官术网_书友最值得收藏!

Solving the frozen lake problem

If you haven't understood anything we have learned so far, don't worry, we will look at all the concepts along with a frozen lake problem.

Imagine there is a frozen lake stretching from your home to your office; you have to walk on the frozen lake to reach your office. But oops! There are holes in the frozen lake so you have to be careful while walking on the frozen lake to avoid getting trapped in the holes:

Look at the preceding diagram:

  • S is the starting position (home)
  • F is the frozen lake where you can walk
  • H are the holes, which you have to be so careful about
  • G is the goal (office)

Okay, now let us use our agent instead of you to find the correct way to reach the office. The agent's goal is to find the optimal path to go from S to G without getting trapped at H. How can an agent achieve this? We give +1 point as a reward to the agent if it correctly walks on the frozen lake and 0 points if it falls into a hole, so the agent can determine which is the right action. An agent will now try to find the optimal policy. Optimal policy implies taking the correct path, which maximizes the agent's reward. If the agent is maximizing the reward, apparently the agent is learning to skip the holes and reach the destination.

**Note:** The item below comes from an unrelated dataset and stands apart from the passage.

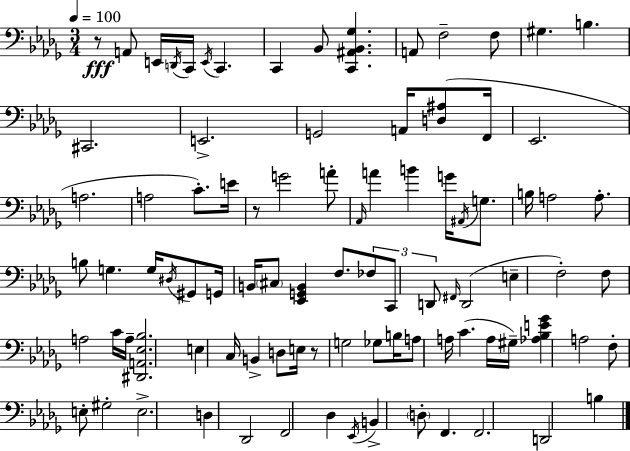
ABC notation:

We can model our problem into MDP, which we studied earlier. MDP consists of the following:

  • States: Set of states. Here we have 16 states (each little square box in the grid).
  • Actions: Set of all possible actions (left, right, up, down; these are all the four possible actions our agent can take in our frozen lake environment).
  • Transition probabilities: The probability of moving from one state (F) to another state (H) by performing an action a.
  • Rewards probabilities: This is the probability of receiving a reward while moving from one state (F) to another state (H) by performing an action a.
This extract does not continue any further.